To achieve deterministic signature generation, the secp256k1 implementation in Tendermint (and go-ethereum) uses RFC-6979 by default. Unfortunately, the RFC does not come with test vectors for Secp256k1. Otherwise it would be easy to see if different implementations apply the same algorithm. In any case, the principle is the same: by mixing private key and message you can securely fake randomness.

But chosing a deterministic algorithm to obtain k is completely up to the signer. You can easily replace it with a real random number generator that does not depend on the private key or the message. Since k is secret (otherwise 💥), an observer cannot tell which algorithm the signer used. As a consequence, a signer can generate an arbitrary number of valid signatures using the same keypair and message. This is demonstrated in the following code for a few different choices of k:

Five different signatures of the same message from the same private key (https://github.com/CosmWasm/cosmwasm-js/pull/169)

What about Ed25519?

ECDSA from the 1980s is curve agnostic and used for sigining over a wide range of curves. In 2011 the more integrated solution Ed25519 came up, specifying a signing algorithm over the Curve25519, which does not support ECDSA. This time, deterministic signature generation was built into the protocol from the beginning. It works very differently from ECDSA, but here a signer can change the right half of SHA-512(seed)used as an ingredient for signing without affecting the public key, which comes from the left half of SHA-512(seed).

The (slightly modified) Ed25519 diagram by Brian Warner (https://blog.mozilla.org/warner/2011/11/29/ed25519-keys/).

As a consequence, you can generate an arbitrary amount of nonces (RH) for a single public key (LH), allowing you to generate an arbitrary number of valid signatures for the same message.
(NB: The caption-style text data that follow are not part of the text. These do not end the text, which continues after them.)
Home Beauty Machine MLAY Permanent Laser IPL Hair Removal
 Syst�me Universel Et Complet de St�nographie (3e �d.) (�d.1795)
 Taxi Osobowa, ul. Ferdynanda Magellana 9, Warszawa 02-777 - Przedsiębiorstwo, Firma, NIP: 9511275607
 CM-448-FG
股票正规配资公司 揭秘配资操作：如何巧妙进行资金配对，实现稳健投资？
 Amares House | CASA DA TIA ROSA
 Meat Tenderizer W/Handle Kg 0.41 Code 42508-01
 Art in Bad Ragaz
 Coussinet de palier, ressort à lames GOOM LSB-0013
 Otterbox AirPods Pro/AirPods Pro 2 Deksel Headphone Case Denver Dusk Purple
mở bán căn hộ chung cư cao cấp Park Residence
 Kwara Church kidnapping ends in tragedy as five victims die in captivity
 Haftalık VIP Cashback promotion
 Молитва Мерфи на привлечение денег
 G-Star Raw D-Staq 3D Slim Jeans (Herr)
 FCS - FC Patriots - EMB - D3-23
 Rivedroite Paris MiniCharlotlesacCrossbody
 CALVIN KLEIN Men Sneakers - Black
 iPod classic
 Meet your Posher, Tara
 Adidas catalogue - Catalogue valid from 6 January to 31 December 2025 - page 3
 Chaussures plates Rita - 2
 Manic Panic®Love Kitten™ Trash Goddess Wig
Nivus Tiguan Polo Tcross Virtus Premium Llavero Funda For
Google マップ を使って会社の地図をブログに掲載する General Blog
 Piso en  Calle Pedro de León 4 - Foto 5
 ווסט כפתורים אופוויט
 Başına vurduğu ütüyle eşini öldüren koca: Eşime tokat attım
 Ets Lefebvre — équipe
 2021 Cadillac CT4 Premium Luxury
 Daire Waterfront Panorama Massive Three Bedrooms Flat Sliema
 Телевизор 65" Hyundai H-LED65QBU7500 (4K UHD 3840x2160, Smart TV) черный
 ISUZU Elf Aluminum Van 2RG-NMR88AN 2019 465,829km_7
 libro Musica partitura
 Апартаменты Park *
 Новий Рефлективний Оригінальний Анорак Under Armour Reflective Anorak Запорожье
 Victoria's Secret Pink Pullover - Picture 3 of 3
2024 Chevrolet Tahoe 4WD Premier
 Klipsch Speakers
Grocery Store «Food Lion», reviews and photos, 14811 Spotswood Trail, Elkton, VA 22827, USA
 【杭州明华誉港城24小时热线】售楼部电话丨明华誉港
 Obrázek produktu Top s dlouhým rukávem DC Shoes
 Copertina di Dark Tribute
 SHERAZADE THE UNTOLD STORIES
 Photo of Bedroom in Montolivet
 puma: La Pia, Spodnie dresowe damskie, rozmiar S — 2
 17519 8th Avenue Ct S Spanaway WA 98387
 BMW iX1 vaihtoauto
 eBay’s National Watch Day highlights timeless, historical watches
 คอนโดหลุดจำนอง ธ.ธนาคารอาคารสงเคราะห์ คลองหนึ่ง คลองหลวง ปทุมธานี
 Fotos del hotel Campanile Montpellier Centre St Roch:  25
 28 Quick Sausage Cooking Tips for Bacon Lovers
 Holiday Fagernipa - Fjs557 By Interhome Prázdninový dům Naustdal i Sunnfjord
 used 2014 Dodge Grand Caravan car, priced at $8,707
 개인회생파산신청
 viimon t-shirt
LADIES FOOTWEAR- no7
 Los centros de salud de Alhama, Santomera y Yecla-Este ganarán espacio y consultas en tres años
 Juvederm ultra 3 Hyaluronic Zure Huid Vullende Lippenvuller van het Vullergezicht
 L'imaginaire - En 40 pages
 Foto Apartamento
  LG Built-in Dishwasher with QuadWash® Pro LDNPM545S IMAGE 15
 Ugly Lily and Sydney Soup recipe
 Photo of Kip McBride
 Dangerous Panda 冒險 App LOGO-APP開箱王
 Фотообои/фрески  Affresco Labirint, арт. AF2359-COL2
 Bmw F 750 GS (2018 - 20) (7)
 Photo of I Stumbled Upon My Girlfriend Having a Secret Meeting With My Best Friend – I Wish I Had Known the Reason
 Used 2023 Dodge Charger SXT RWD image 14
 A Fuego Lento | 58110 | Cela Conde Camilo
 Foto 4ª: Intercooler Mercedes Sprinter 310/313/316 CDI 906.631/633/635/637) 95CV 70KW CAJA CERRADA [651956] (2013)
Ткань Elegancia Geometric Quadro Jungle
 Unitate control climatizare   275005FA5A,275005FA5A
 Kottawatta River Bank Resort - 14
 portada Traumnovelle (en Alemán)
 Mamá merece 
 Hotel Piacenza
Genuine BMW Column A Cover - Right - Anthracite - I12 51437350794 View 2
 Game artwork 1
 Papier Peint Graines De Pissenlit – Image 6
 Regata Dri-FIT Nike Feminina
A demo how to implement that with ed25519-dalek in Rust is available here.

This caused a bug in the Lisk multisig verification where different valid signatures were interpreted as different signers, such that a single signer could reach any n/m multisig threshold alone.

Takeaways

In all ECDSA schemes and Ed25519 a signer can generate an arbitrary number of valid signatures for the same message, using the same key. The term “deterministic signing” means that at least one deterministic way to generate signatures exist. It does not imply that a signer can only generate one valid signature. Due to the nature of the signing algorithms, an observer cannot detect if a standard algorithm or a customization was used.

In the context of blockchain an arbitrary number of signed transactions and transaction IDs for a given unsigned transaction may exist. Usually signers have no reason to generate them, but if they want to spam a network with valid transactions, they can. Which of those transactions is processed in a block is a different question.

Avoiding common pitfalls

If you forget all of the above soon, no worries. Just try to avoid the most common mistakes:

  1. Using a signature as a fair random value — the signer can use it to its advantage.
  2. Assuming that different signatures on a given message are from different signers — a single signer can generate as many as they want.
  3. Assuming there is a single signed transaction and transaction ID for a given unsigned transaction — every signer can generate as many different signed transactions as they want by generating different signatures.